26 November 2012



Executive Director, Ottawa Police Services Board



Chief of Police, Ottawa Police Service








That the Ottawa Police Services Board receive this report for information.




The Ontario Municipal Benchmarking Initiative (OMBI) is a collaborative performance reporting effort among 14 municipalities across the Province, along with the Cities of Calgary and Winnipeg.  The annual performance benchmarking report presents some 900 measures spanning 37 public service areas and describes some factors influencing the delivery of each service.  An Ottawa Police representative participates on the Ontario Chiefs of Police (OACP) Expert Panel which reviews submitted data for consistency and relevancy to the OMBI process.  The OMBI publicly released its 2011 Performance Benchmarking Report on 15 October 2012, with police-related performance measures being presented herein.

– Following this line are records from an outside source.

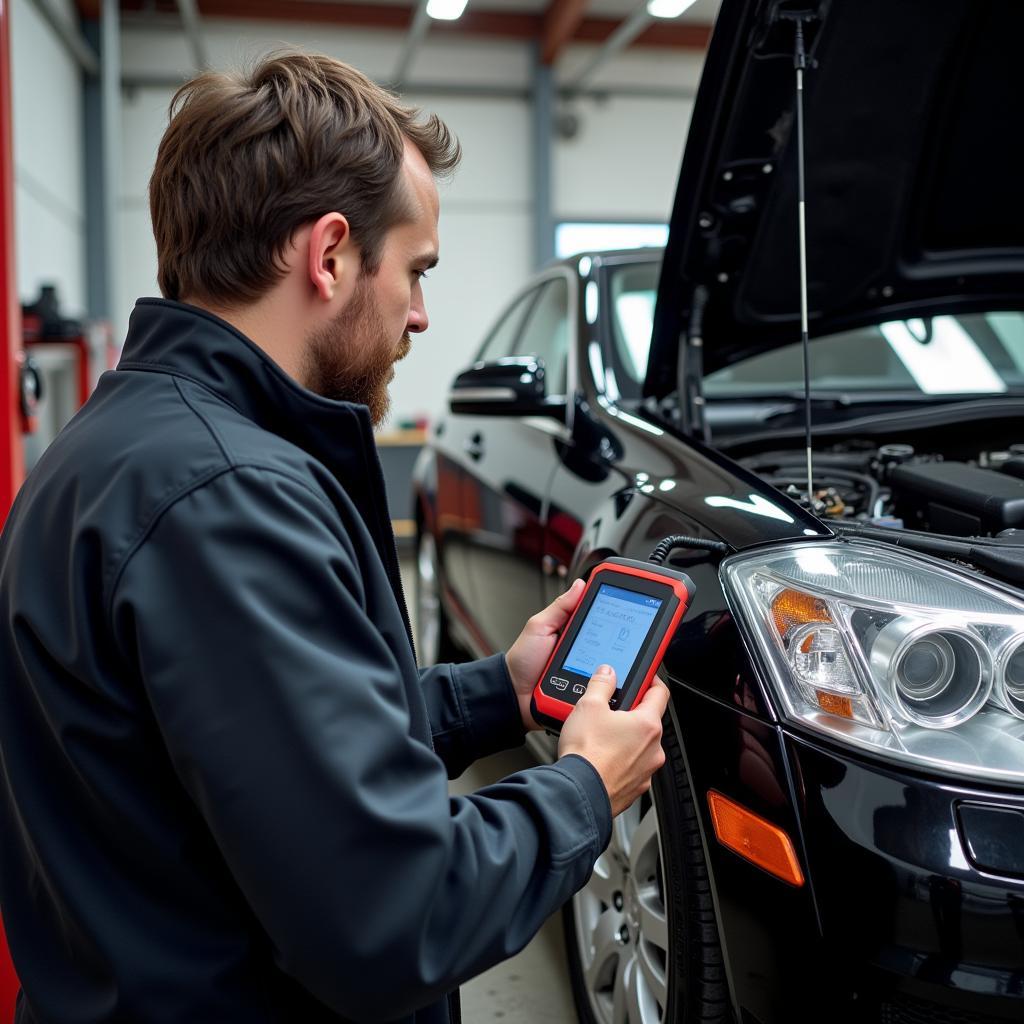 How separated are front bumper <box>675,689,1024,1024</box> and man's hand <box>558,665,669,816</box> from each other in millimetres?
220

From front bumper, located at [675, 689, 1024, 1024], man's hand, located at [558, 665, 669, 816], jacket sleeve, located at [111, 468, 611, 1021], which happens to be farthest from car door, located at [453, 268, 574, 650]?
jacket sleeve, located at [111, 468, 611, 1021]

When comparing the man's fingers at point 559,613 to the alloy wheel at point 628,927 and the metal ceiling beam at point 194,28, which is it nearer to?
the alloy wheel at point 628,927

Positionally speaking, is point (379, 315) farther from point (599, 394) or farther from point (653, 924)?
point (599, 394)

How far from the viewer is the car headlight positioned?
111 centimetres

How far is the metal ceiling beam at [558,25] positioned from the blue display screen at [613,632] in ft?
26.2

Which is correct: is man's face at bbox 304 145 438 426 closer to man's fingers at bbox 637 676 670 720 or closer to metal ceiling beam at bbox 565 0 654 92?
man's fingers at bbox 637 676 670 720

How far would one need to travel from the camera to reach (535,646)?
124 cm

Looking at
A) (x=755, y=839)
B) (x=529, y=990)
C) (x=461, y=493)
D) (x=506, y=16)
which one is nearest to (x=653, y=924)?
(x=755, y=839)

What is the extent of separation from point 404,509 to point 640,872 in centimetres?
692

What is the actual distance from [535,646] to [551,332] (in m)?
1.75

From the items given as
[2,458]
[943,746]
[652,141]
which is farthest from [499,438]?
[652,141]

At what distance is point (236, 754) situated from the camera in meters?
0.72

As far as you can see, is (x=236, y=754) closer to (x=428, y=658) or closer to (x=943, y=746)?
(x=943, y=746)

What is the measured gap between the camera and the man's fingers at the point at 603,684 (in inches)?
39.0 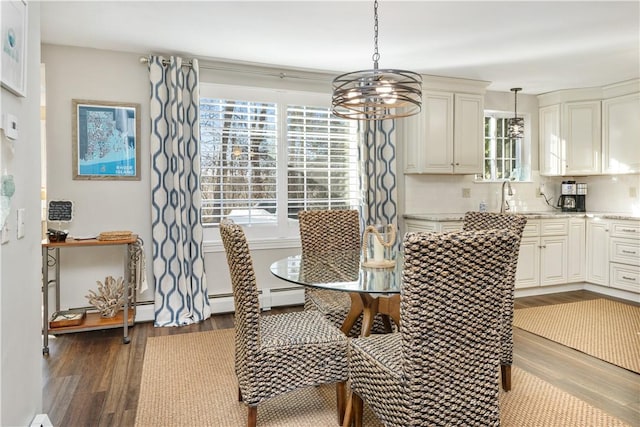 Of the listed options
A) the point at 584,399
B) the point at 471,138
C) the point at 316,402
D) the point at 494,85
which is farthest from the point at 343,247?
the point at 494,85

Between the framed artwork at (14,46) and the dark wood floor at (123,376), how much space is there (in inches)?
65.1

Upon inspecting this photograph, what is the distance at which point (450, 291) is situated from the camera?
153cm

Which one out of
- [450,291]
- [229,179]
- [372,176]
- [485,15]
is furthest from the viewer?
[372,176]

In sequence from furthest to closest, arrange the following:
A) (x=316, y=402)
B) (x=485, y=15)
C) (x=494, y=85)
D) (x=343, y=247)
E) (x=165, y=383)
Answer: (x=494, y=85) → (x=343, y=247) → (x=485, y=15) → (x=165, y=383) → (x=316, y=402)

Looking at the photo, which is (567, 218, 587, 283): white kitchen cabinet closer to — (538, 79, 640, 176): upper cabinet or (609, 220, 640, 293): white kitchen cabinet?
(609, 220, 640, 293): white kitchen cabinet

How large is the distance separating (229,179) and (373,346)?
2.70 meters

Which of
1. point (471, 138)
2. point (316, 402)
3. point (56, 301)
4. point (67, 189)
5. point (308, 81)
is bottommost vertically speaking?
point (316, 402)

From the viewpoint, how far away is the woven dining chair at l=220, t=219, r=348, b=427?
1963mm

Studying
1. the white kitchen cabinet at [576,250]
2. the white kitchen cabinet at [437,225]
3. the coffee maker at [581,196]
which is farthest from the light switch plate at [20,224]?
the coffee maker at [581,196]

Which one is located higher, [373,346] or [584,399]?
[373,346]

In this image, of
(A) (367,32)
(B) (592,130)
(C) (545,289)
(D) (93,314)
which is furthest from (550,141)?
(D) (93,314)

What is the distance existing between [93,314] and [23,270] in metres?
2.01

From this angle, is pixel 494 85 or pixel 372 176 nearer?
pixel 372 176

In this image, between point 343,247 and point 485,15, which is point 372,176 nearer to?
point 343,247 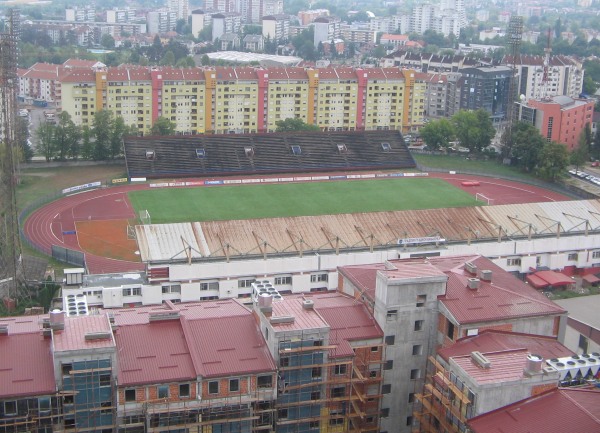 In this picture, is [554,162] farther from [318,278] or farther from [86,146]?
[86,146]

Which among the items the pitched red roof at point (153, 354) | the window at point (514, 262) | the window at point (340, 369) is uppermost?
the pitched red roof at point (153, 354)

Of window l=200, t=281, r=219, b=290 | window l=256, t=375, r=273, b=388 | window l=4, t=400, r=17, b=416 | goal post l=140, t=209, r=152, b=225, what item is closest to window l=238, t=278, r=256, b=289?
window l=200, t=281, r=219, b=290

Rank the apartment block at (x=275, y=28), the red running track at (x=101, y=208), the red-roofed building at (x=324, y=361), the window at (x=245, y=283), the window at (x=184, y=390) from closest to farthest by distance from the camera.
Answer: the window at (x=184, y=390)
the red-roofed building at (x=324, y=361)
the window at (x=245, y=283)
the red running track at (x=101, y=208)
the apartment block at (x=275, y=28)

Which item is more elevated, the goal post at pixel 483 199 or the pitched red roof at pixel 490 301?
the pitched red roof at pixel 490 301

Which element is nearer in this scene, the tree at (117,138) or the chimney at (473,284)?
the chimney at (473,284)

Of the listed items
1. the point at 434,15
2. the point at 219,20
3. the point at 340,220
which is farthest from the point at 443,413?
the point at 434,15

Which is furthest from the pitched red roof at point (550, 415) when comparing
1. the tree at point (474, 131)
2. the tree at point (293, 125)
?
the tree at point (293, 125)

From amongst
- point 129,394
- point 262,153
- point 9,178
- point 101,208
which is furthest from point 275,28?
point 129,394

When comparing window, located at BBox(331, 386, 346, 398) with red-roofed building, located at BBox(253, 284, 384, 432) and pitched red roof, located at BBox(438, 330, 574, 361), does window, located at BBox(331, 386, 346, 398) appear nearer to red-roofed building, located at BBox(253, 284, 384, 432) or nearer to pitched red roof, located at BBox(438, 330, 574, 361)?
red-roofed building, located at BBox(253, 284, 384, 432)

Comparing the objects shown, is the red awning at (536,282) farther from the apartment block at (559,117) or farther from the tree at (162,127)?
the tree at (162,127) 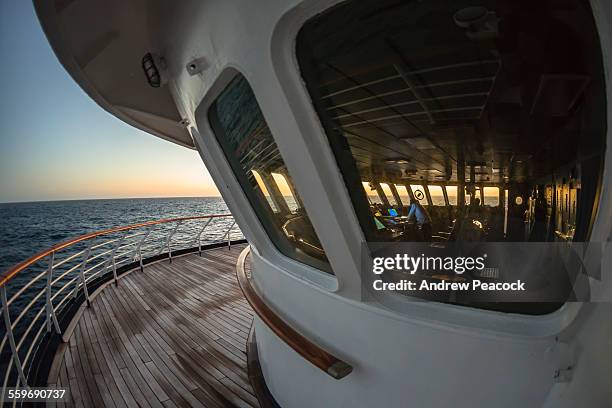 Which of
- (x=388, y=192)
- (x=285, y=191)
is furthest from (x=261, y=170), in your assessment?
(x=388, y=192)

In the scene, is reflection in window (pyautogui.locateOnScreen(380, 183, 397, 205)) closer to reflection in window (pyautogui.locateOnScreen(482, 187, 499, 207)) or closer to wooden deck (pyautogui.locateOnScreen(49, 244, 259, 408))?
reflection in window (pyautogui.locateOnScreen(482, 187, 499, 207))

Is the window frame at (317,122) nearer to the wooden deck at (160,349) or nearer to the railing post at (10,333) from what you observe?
the wooden deck at (160,349)

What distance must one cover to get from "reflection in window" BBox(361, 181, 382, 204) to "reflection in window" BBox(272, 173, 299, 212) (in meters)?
0.41

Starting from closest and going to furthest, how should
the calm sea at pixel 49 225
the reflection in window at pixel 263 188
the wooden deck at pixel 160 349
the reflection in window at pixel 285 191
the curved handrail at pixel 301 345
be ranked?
the curved handrail at pixel 301 345 < the reflection in window at pixel 285 191 < the reflection in window at pixel 263 188 < the wooden deck at pixel 160 349 < the calm sea at pixel 49 225

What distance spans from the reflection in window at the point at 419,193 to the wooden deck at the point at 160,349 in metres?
1.87

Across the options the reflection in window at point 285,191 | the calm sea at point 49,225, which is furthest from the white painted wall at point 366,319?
the calm sea at point 49,225

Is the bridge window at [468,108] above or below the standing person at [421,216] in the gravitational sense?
above

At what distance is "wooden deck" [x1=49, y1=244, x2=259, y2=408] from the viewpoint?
205cm

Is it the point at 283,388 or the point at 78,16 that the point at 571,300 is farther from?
the point at 78,16

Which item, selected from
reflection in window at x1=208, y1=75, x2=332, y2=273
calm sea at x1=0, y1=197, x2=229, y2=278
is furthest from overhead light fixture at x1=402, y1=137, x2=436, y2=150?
calm sea at x1=0, y1=197, x2=229, y2=278

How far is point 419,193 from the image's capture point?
1033 millimetres

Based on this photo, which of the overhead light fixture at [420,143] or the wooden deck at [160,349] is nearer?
the overhead light fixture at [420,143]

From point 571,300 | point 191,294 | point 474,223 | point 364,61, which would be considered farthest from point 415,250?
point 191,294

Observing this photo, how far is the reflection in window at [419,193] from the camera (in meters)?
1.01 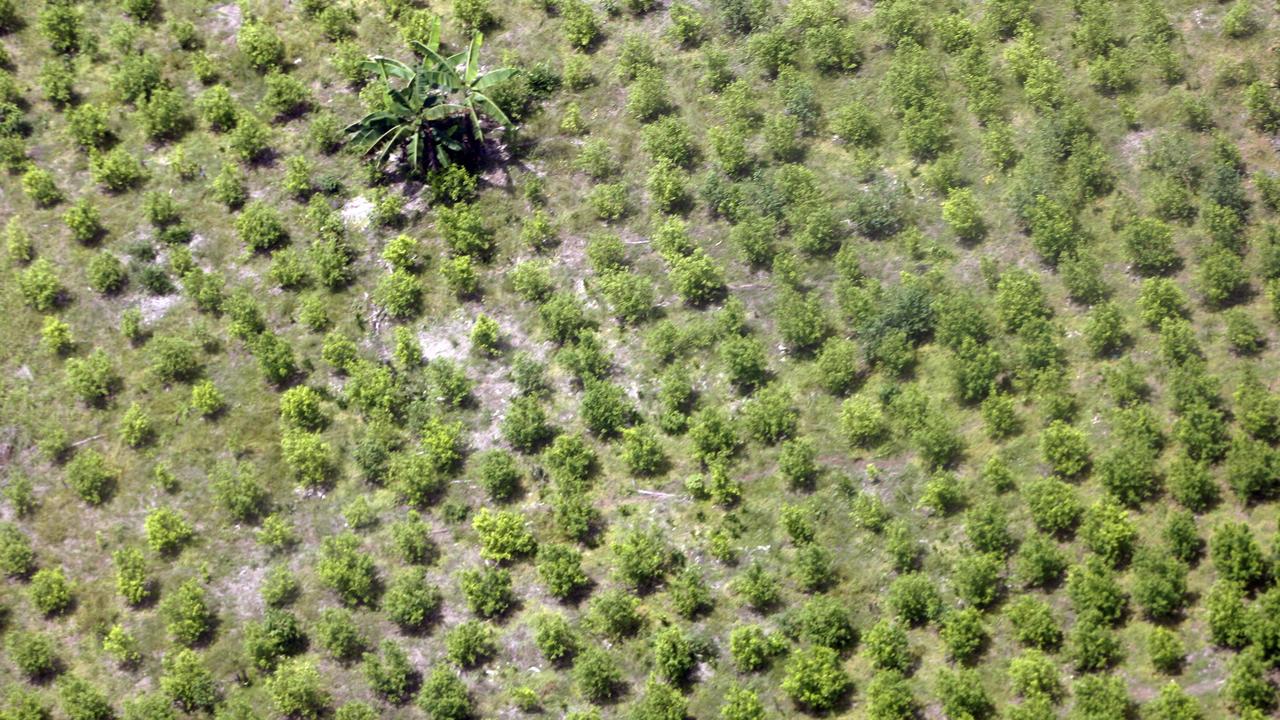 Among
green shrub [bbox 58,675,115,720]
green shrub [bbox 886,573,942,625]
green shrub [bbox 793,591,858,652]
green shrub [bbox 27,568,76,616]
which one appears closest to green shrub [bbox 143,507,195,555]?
green shrub [bbox 27,568,76,616]

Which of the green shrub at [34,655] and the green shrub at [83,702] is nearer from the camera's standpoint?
the green shrub at [83,702]

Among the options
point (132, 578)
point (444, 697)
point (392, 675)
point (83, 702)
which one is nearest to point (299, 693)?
point (392, 675)

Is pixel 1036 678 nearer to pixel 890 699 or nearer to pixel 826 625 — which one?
pixel 890 699

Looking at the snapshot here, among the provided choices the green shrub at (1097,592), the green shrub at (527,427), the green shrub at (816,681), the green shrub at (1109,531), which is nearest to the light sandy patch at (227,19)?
the green shrub at (527,427)

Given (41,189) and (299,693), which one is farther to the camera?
(41,189)

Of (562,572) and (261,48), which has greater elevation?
(261,48)

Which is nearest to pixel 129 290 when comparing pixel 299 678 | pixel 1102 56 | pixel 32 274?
pixel 32 274

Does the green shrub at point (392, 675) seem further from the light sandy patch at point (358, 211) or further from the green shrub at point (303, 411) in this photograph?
the light sandy patch at point (358, 211)

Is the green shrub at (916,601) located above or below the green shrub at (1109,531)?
below

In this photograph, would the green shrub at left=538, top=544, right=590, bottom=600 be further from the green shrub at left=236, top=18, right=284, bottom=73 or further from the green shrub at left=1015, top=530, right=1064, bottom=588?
the green shrub at left=236, top=18, right=284, bottom=73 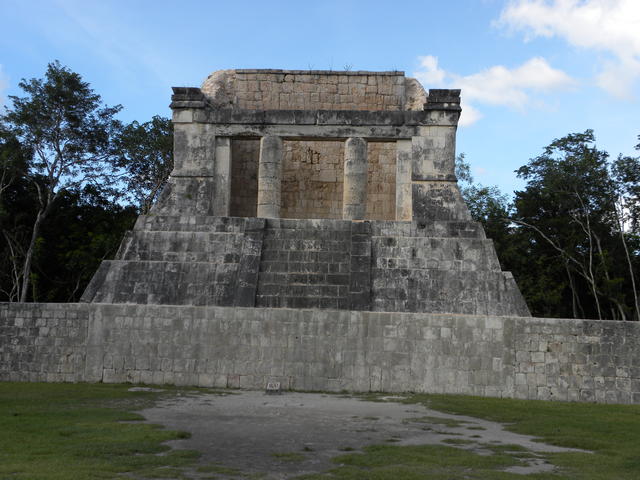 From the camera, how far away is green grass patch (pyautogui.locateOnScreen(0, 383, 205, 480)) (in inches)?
210

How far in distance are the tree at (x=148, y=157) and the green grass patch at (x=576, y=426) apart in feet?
59.8

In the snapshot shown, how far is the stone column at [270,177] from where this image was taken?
14.7 m

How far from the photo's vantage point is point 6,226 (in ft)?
77.2

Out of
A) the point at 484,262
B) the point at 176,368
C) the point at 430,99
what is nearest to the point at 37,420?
the point at 176,368

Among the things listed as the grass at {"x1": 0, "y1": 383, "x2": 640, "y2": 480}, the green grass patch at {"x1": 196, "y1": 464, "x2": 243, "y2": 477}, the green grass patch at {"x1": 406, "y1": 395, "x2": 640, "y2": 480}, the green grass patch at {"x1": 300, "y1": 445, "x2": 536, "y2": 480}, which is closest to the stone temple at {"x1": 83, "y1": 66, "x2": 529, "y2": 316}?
the green grass patch at {"x1": 406, "y1": 395, "x2": 640, "y2": 480}

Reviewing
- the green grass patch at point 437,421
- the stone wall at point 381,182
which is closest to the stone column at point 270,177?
the stone wall at point 381,182

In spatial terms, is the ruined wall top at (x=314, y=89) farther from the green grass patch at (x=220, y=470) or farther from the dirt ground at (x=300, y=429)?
the green grass patch at (x=220, y=470)

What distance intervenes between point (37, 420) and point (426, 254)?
7616 mm

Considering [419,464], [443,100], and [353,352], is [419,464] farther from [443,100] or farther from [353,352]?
[443,100]

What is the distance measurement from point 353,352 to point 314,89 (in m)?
7.63

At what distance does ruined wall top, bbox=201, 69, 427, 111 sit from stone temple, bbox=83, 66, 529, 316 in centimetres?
2

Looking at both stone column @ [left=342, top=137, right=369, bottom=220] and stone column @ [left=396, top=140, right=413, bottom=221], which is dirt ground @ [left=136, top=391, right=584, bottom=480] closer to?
stone column @ [left=342, top=137, right=369, bottom=220]

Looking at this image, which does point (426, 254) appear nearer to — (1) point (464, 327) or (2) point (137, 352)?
(1) point (464, 327)

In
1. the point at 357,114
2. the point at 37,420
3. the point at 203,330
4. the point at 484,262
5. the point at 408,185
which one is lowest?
the point at 37,420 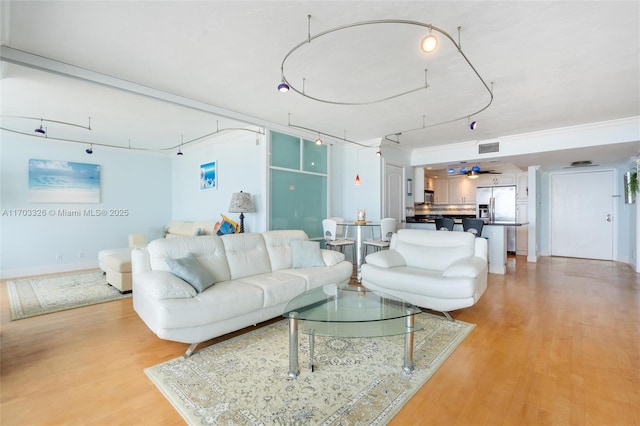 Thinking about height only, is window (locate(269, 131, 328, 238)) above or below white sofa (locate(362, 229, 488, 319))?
above

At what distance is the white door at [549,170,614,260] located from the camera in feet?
23.6

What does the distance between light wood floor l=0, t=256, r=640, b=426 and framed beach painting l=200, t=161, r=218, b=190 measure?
2.92m

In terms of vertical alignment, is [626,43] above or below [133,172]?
above

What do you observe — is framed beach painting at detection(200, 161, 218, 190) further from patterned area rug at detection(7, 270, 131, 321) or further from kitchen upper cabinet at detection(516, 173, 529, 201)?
kitchen upper cabinet at detection(516, 173, 529, 201)

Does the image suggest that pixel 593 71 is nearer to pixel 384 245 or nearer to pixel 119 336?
pixel 384 245

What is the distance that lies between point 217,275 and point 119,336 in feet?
3.41

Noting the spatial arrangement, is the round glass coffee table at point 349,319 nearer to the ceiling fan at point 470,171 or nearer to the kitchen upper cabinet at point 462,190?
the ceiling fan at point 470,171

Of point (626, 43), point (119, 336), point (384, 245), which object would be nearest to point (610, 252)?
point (384, 245)

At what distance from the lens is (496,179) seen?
8602mm

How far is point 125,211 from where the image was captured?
268 inches

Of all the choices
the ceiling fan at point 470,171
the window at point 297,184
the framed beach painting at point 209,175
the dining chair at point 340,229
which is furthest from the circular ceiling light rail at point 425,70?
the framed beach painting at point 209,175

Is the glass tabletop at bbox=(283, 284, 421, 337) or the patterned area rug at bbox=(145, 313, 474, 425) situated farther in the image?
the glass tabletop at bbox=(283, 284, 421, 337)

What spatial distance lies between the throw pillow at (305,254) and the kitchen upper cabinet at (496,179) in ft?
22.6

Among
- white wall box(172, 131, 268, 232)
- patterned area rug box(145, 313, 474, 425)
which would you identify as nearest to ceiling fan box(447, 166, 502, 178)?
white wall box(172, 131, 268, 232) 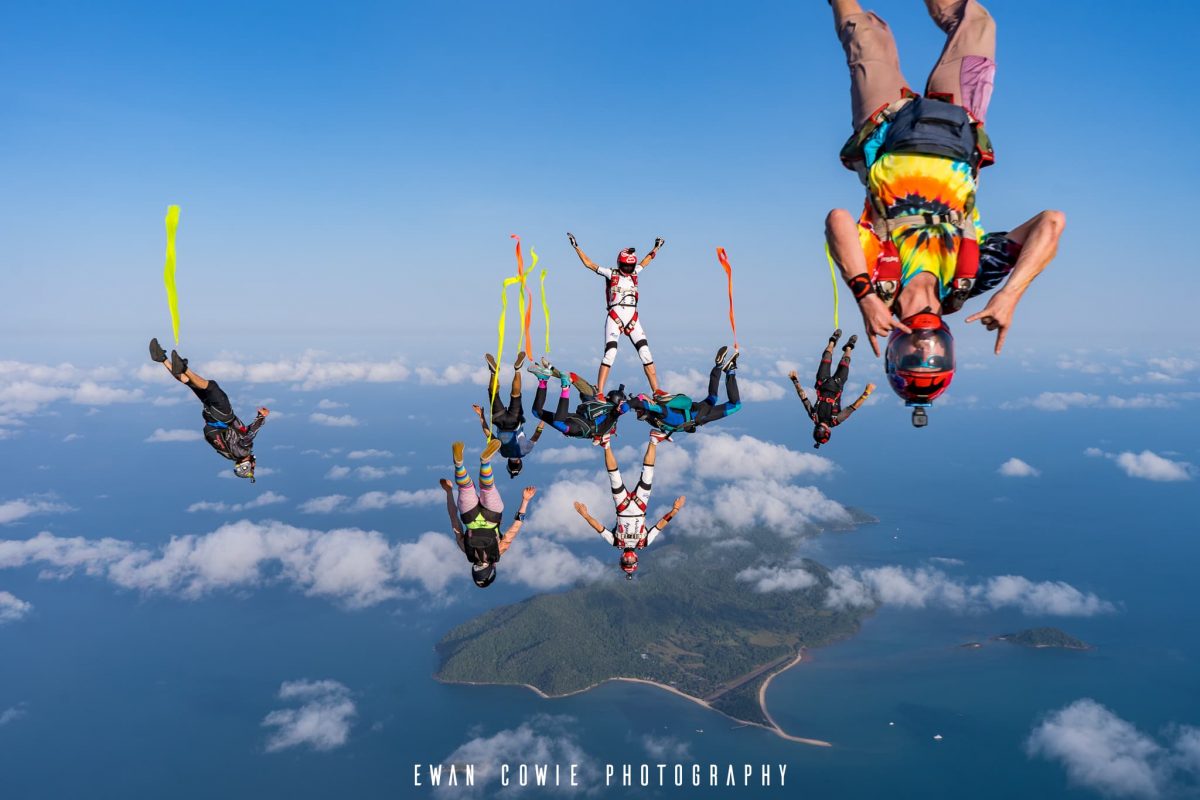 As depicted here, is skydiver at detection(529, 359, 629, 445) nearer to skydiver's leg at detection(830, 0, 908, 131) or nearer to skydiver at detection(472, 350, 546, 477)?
skydiver at detection(472, 350, 546, 477)

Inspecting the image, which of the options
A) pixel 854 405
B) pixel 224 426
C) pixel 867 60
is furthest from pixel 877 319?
pixel 224 426

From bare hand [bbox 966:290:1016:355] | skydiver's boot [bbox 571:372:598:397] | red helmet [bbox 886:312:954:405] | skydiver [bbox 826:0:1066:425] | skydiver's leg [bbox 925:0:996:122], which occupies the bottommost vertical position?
skydiver's boot [bbox 571:372:598:397]

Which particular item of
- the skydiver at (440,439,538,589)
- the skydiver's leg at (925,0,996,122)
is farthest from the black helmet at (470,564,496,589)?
the skydiver's leg at (925,0,996,122)

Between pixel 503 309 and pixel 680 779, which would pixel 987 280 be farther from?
pixel 680 779

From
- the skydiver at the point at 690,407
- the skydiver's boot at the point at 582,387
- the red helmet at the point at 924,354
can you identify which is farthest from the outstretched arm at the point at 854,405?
the red helmet at the point at 924,354

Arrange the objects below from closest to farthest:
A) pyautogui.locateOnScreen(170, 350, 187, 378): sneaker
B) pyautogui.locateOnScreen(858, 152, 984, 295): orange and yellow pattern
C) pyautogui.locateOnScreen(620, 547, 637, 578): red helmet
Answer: pyautogui.locateOnScreen(858, 152, 984, 295): orange and yellow pattern → pyautogui.locateOnScreen(170, 350, 187, 378): sneaker → pyautogui.locateOnScreen(620, 547, 637, 578): red helmet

The OACP Panel identified a number of measures falling under community impact, service level, efficiency, and customer satisfaction.  For police performance, seven measures are publicly released:


§  Number of Police Staff (Officers and Civilians) per 100,000 population is used to gauge police service levels based on authorized staffing.  With 212 police staff/100,000 residents, the Ottawa Police has fallen below the median rate of 221, but remains in the middle of the comparator group (range is 183 to 297).  With no changes in authorized complement in the past few years, the ratio is expected to change as population of the city continues to grow (Ottawa was at the mid-point, or median, in 2008 and 2009);


§  Total Crime Rate – is the reported number of Criminal Code of Canada incidents (non-traffic) per 100,000 population[1].  Ottawa’s 2011 crime rate was 3,950, compared to the Ontario median of 4,670, maintaining a similar placement/trend over the past three years;


§  Crime Severity Index (CSI) – is now incorporated within the OMBI measurement system.  The CSI recognizes the impact/severity of differing types of crime, in conjunction with counts of criminal occurrences and crime rates (where the lower the index number, the more positive/relative safety of a community).  The 2011 CSI for Canada is 78, while Ottawa’s CSI for 2011 fell to 58 from 61 2010 and from 68 in 2009, twenty index points below the provincial median (range is 34 to 109);


§  Violent Crime Rate – is generally the crime category of the most interest to residents and visitors and can provide an indication of community safety (although the perception and/or feeling of safety may differ from the statistical counts/rate).  Reporting 566 violent criminal code incidents/100,000 population (down from 600 in 2010 and 644 in 2009), Ottawa is substantially below the provincial median rate of 908;


§  Violent Crime Severity Index – the Violent Crime Severity Index includes all violent offences (homicide, attempted murder, assault, sexual assault, robbery, criminal harassment, uttering threats, forcible confinement/kidnapping), with Robbery having the largest influence on the Index.  Ottawa’s 2011 VCSI is 64 (down from 69 in 2010 and 80 in 2009), and is below the provincial median of 69;


§  Clearance Rate for Violent Crime – criminal incidents are considered cleared when a charge is laid or recommended, or when cleared by other means.  A variety of factors impact the police’s ability to solve crimes against the person, including the public’s assistance in providing information.  Clearance rates are reported in the year an incident is cleared, regardless of when a crime might have occurred.  With a 62 percent clearance rate for violent crimes in 2011, the Ottawa Police falls below the provincial median of 76 percent.  Two other services fall below Ottawa (57% and 60%), while two services reported the highest clearance rate at 80 percent and another two reported 79 percent;


§  Number of Criminal Code offences per Officer – provides an indication of workload, but does not fully capture the breadth of police activities such as traffic and drug enforcement, crime prevention activities, or assistance to victims.  On average, Ottawa officers handled 27 CCC incidents each in 2011 (identical to 2010), but below the Provincial median of 31.  Six other services reported a rate lower than Ottawa’s. 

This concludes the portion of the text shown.